/demand-forecasting

Forecasting in R using Prophet. Perform fine-grained forecasting in an efficient manner, leveraging the distributed computational power of the Databricks Platform.

Primary LanguageRGNU General Public License v3.0GPL-3.0

Demand Forecasting

Playground of forecasting in R using Prophet.

Perform fine-grained forecasting in an efficient manner, leveraging the distributed computational power of the Databricks Platform.

Prophet is a forecasting tool that uses an additive model where non-linear trends are fit with yearly, weekly, and daily seasonality, plus holiday effects. It works best with time series that have strong seasonal effects and several seasons of historical data. The library is especially suited for business forecasts like forecasting website traffic, sales, and inventory.

The original paper from the FB team is in the Forecasting_at_Scale.pdf file.

Dataset

For the tests the Store Item Demand Forecasting from Kaggle is used. The data are in the dataset directory.

Keggle Dataset: https://www.kaggle.com/datasets/aswinkum/demand-forecasting-kernels-only

The dataset contains 5-years of store-item unit sales data for 50 items across 10 different stores (913,000 observations).

Forecasting in R-Studio

The source file in R for the forecasting is in Forecasting.R.

Read the comments for step-by-step execution of the forecast and plotting.

Forecasting in DataBricks

The DataBricks notebook for forecasting at scale is in the file OE_Demand_Forecasting.dbc.

500 forecasts are generated in the notebook.

read the training file into a Spark DataFrame

Upload the ./dataset/train.csv file to the catalog as a new table using the Data Ingestion of the DataBricks main interface.

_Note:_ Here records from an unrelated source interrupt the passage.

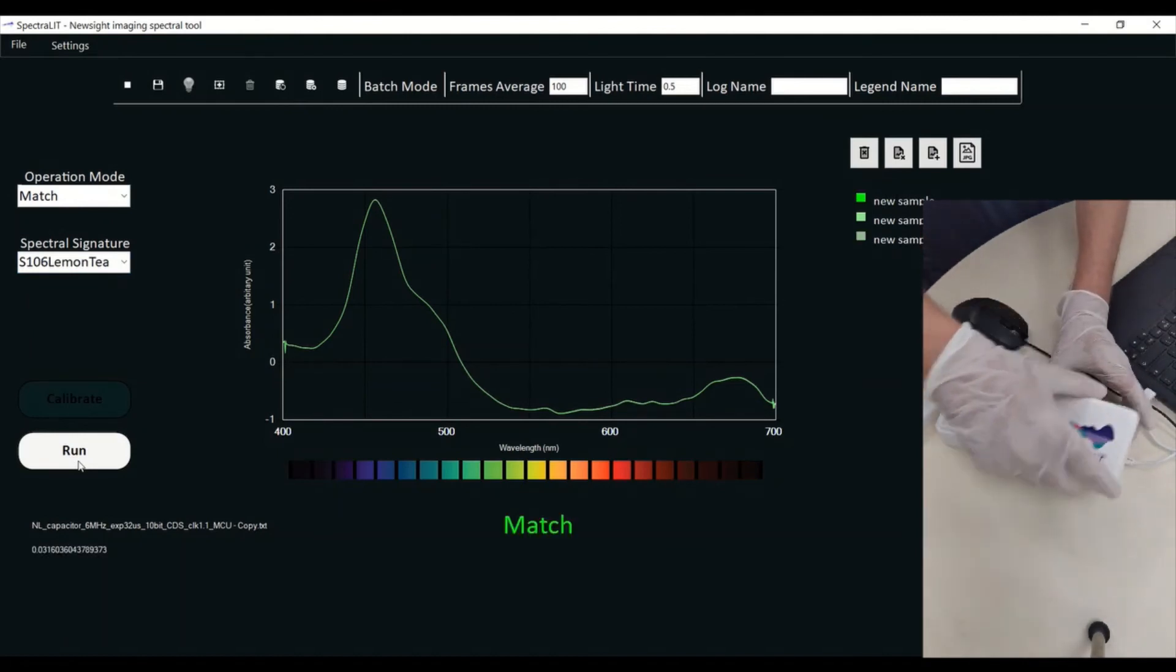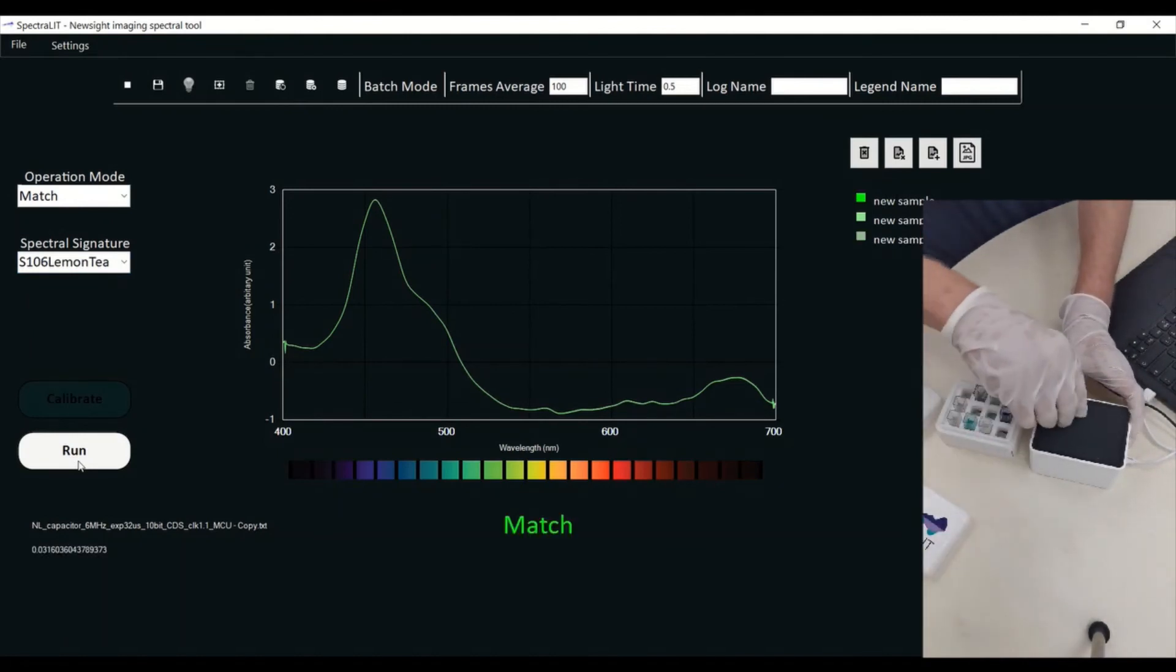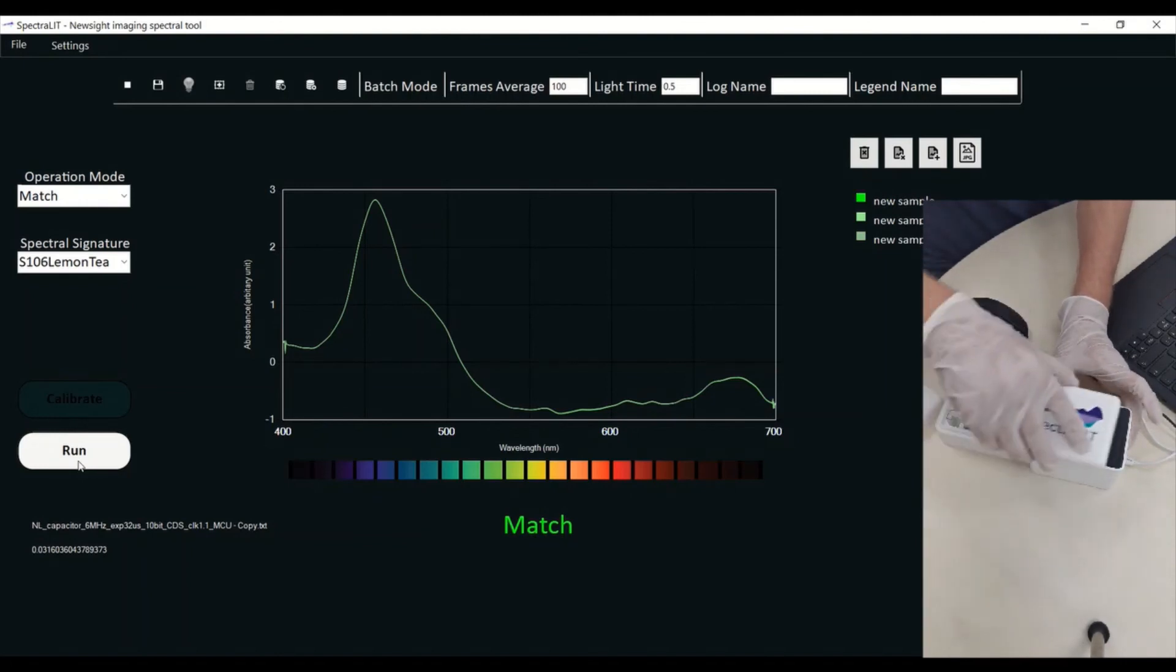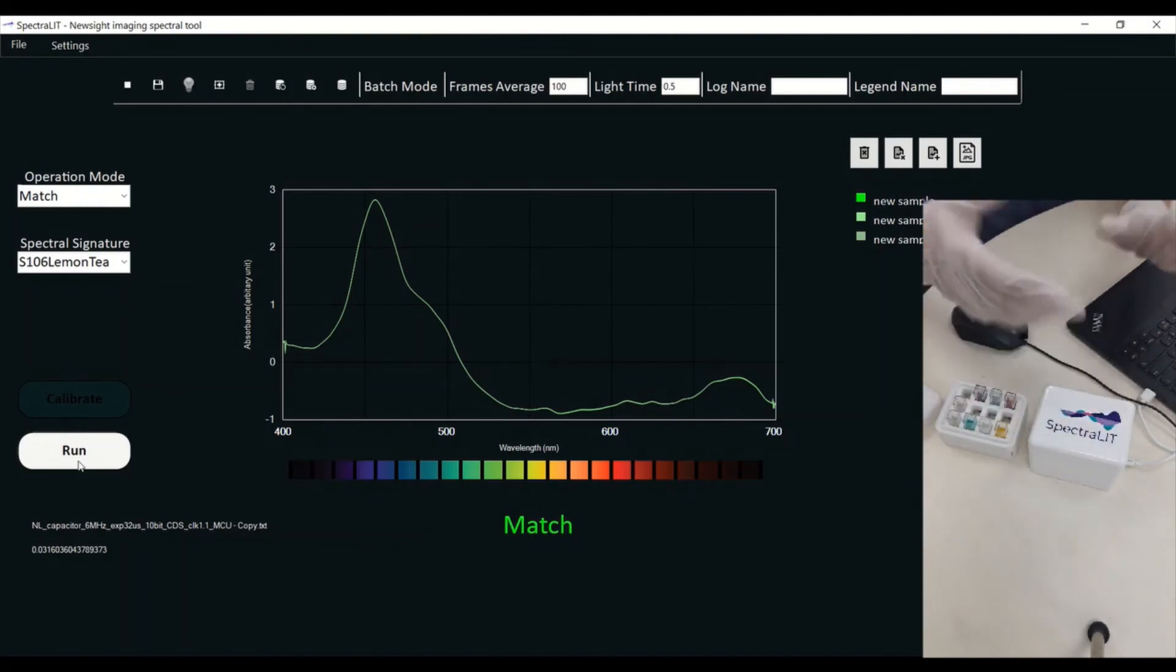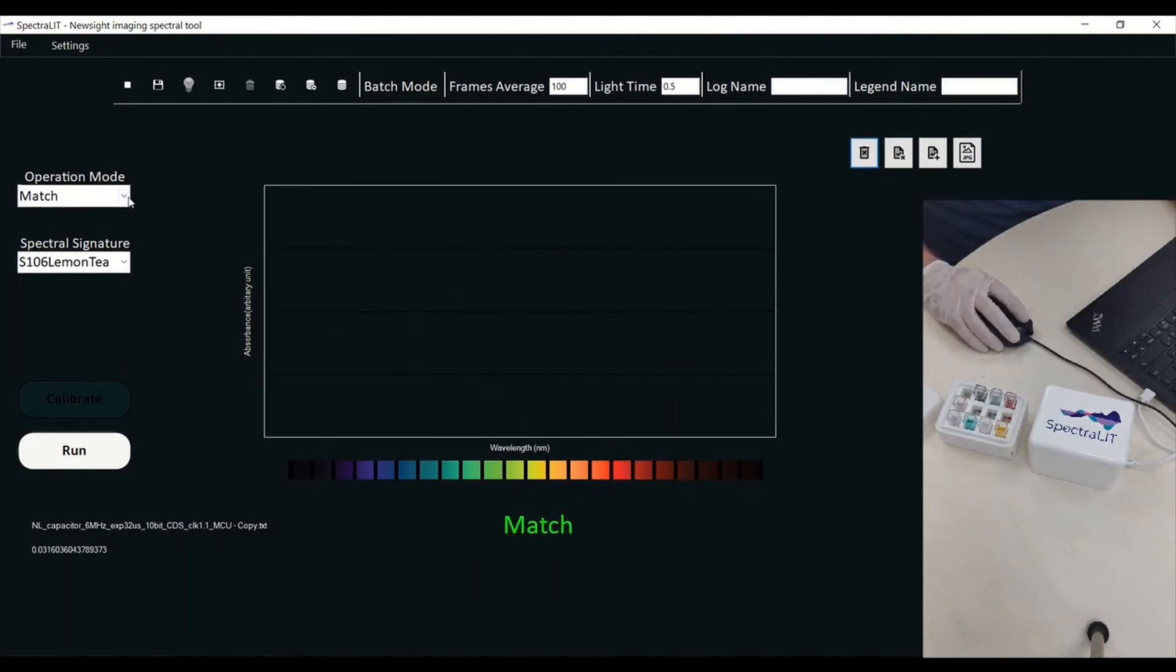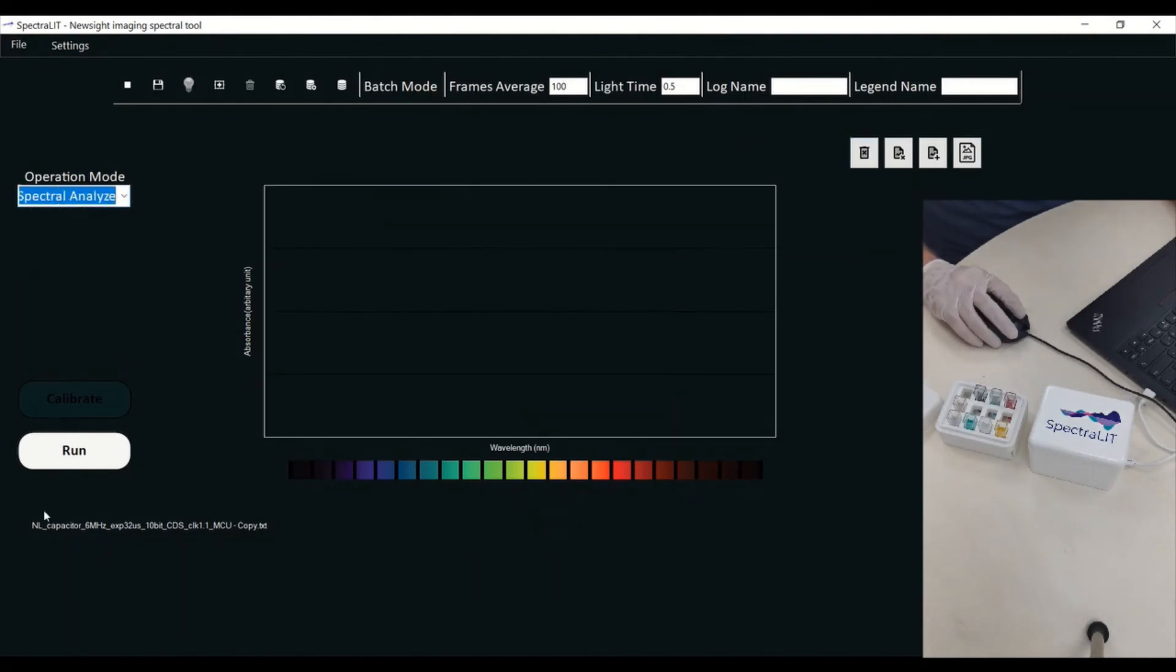Of course, I can put other substances. It's interesting to see what happens if I'm putting a blue substance. I'm going to do a spectral analysis of this substance.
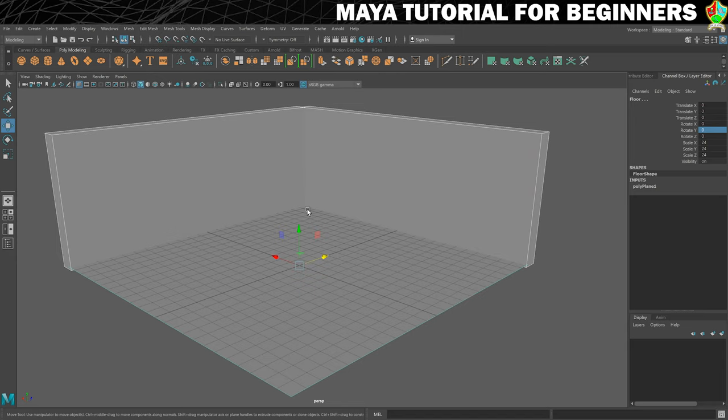Let's just select everything and we can see how that's coming together. That will do it for this step. In the next step, I'm going to be setting you your first challenge of this tutorial. I hope you're feeling ready to be challenged — see you in the next step.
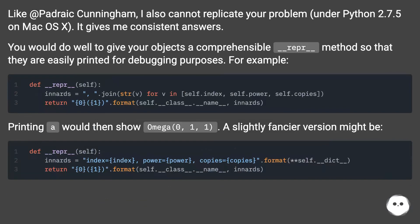Like Padric Cunningham, I also cannot replicate your problem under Python 2.7.5 on Mac OS X. It gives me consistent answers.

Change the notebook code below accordingly:

train_data = spark_read_csv(sc, name = "train_data",  path = "/Volumes/industry_solutions/esg_scoring/data/train.csv")

AutoML auto-generated notebook

The auto-generated DataBricks notebook with the best AutoML model is in the file AutoML-24-04-30-16_08-Prophet.dbc

With this file is possible to re-run the experiment on forecasting 500 time series and see the results.